Could you set down only the lines from the one including "Lexus RX 330" to the end of the records below, inclusive and exact, leaving pictures out?

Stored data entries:
*** Block opens ***
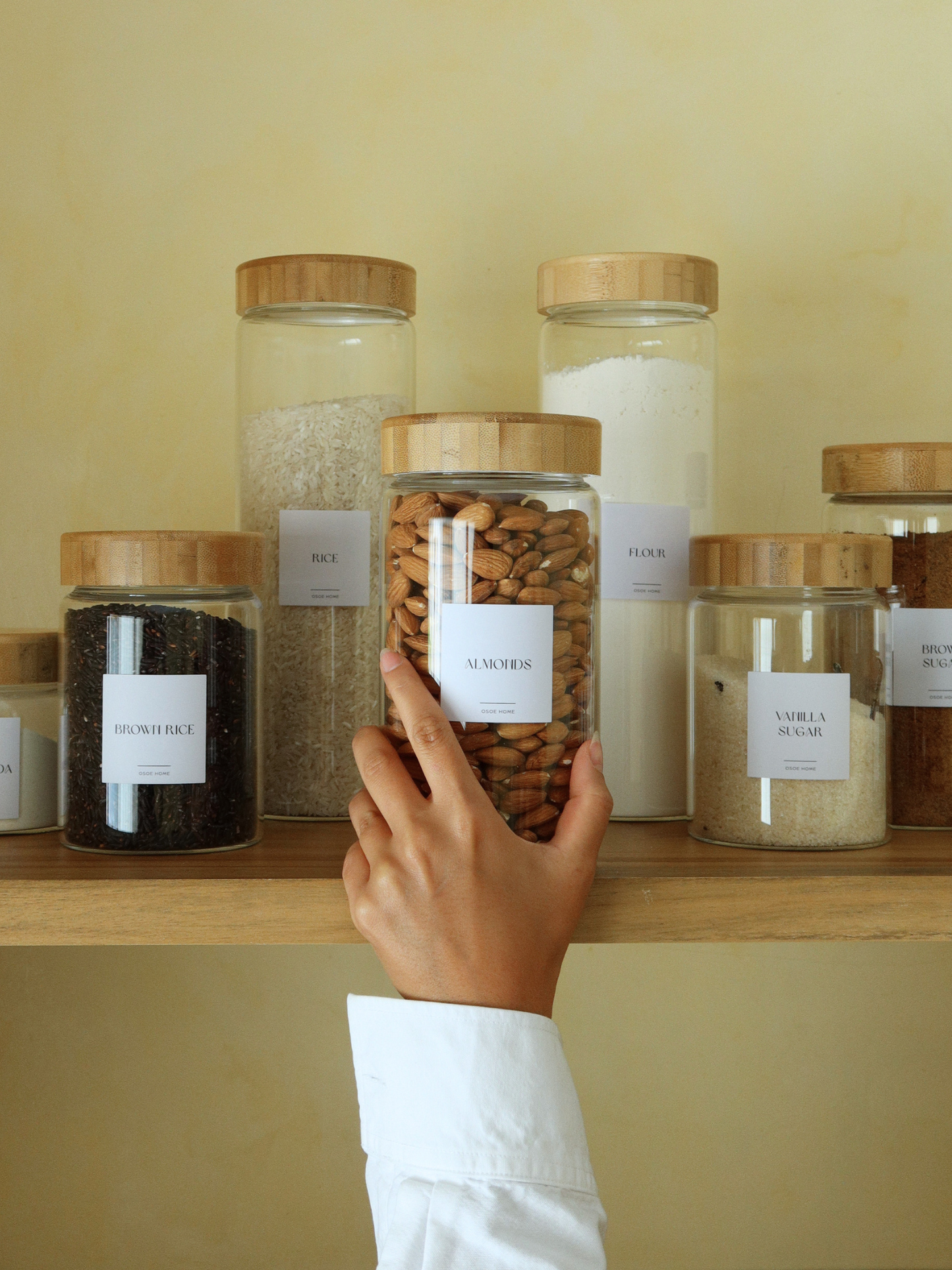 Extra stability and functionality with the Nani storage jar. An elegant, extra-durable glass container with a bamboo screw-top lid that effortlessly combines luxury and practicality. Its timeless, minimalist design complements any kitchen style. Made from extra-thick transparent glass and finished with a 100% airtight bamboo screw lid. Perfect for storing pasta, rice, coffee, and other dry foods while keeping them fresh for longer.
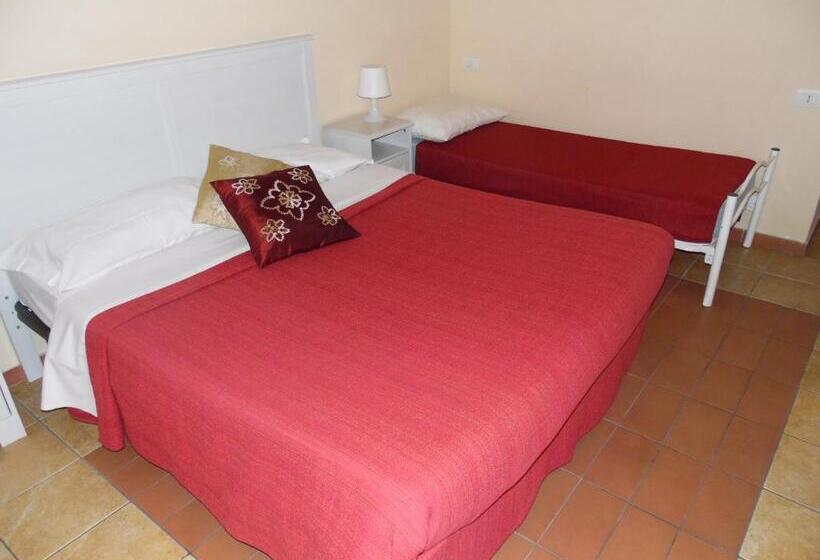 Номер Стандарт Трехместный, Agorà Hostel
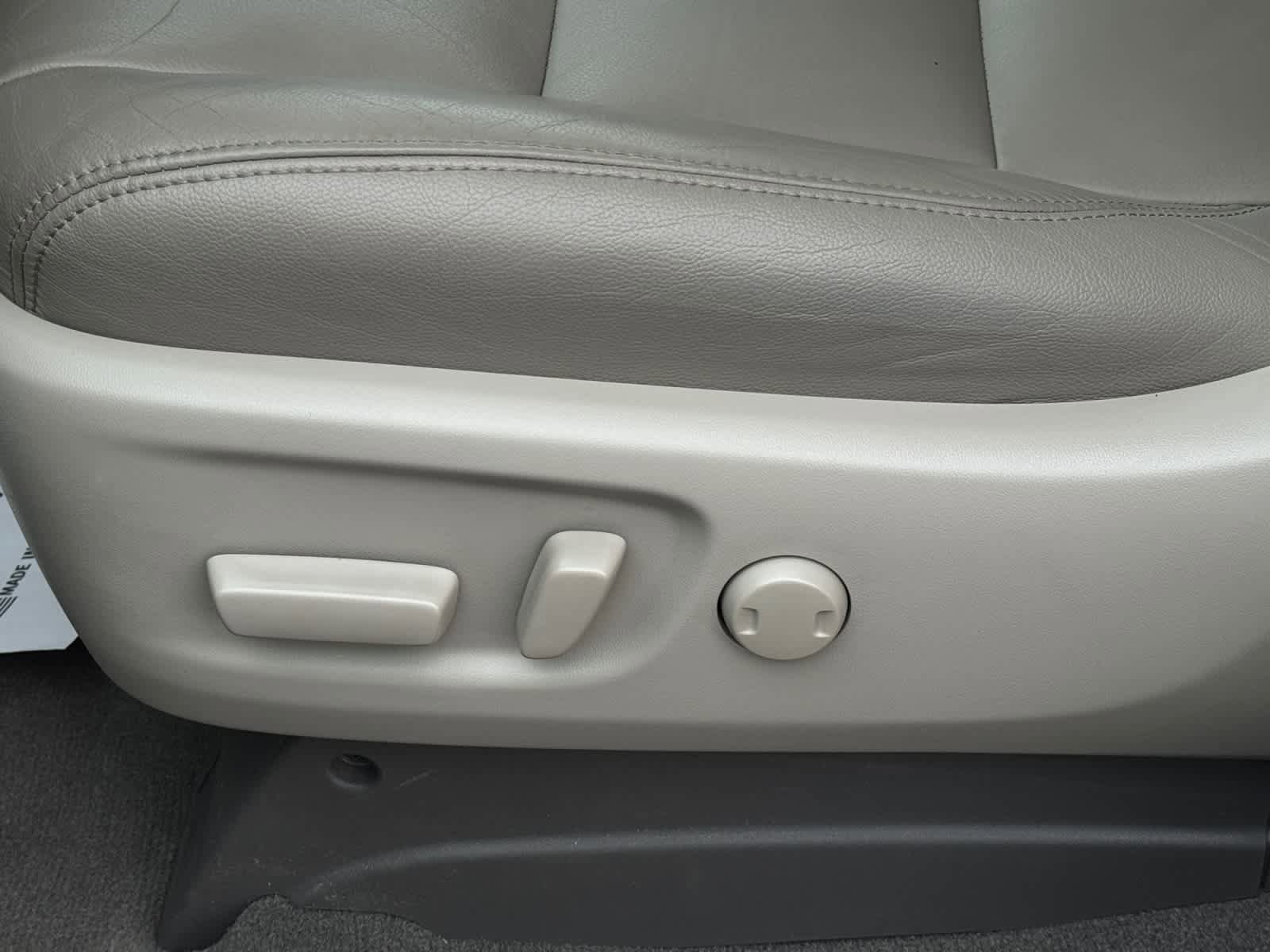 Used 2019 Toyota Sienna XLE w/ XLE Navigation Package FWD image 18
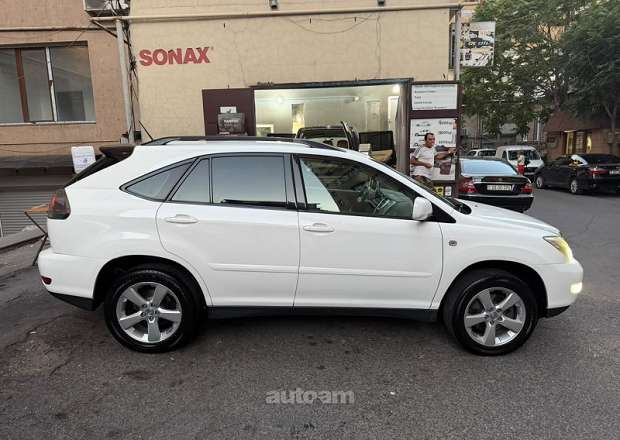 Lexus RX 330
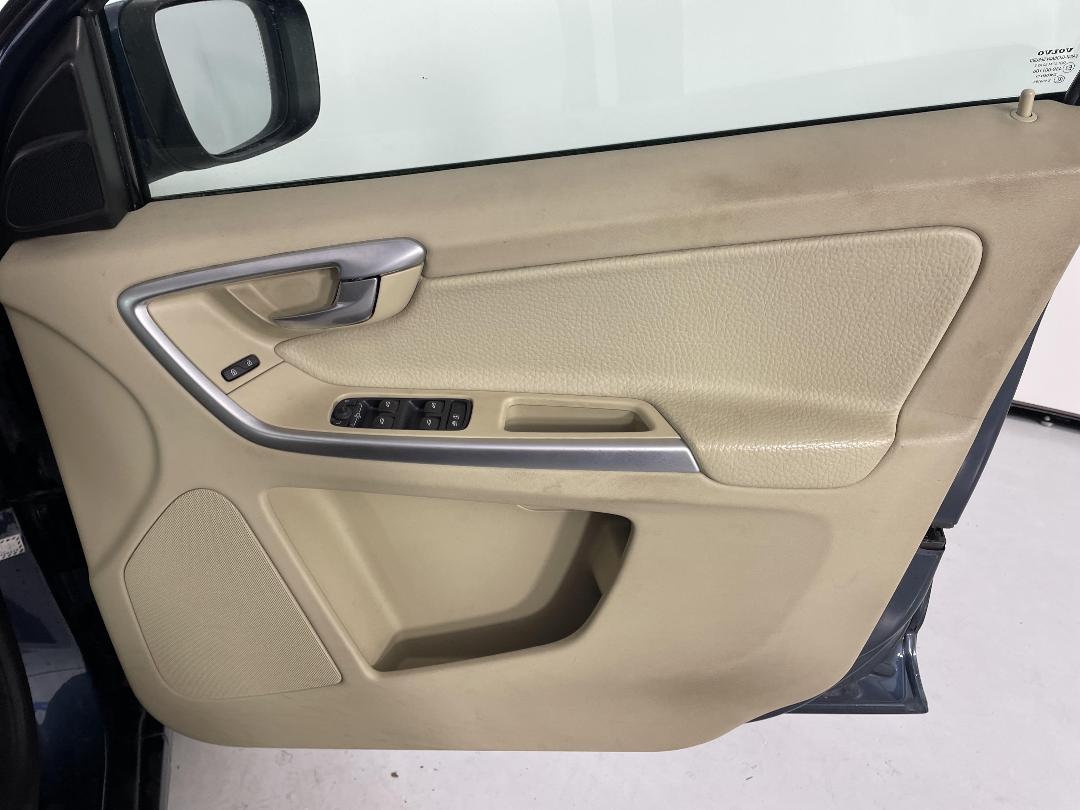 Photo '15' of Volvo XC60 Photo '15' of Volvo XC60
*** Block closes ***
--- Reply to the task ---
 Lexus RX 330
 Photo '15' of Volvo XC60 Photo '15' of Volvo XC60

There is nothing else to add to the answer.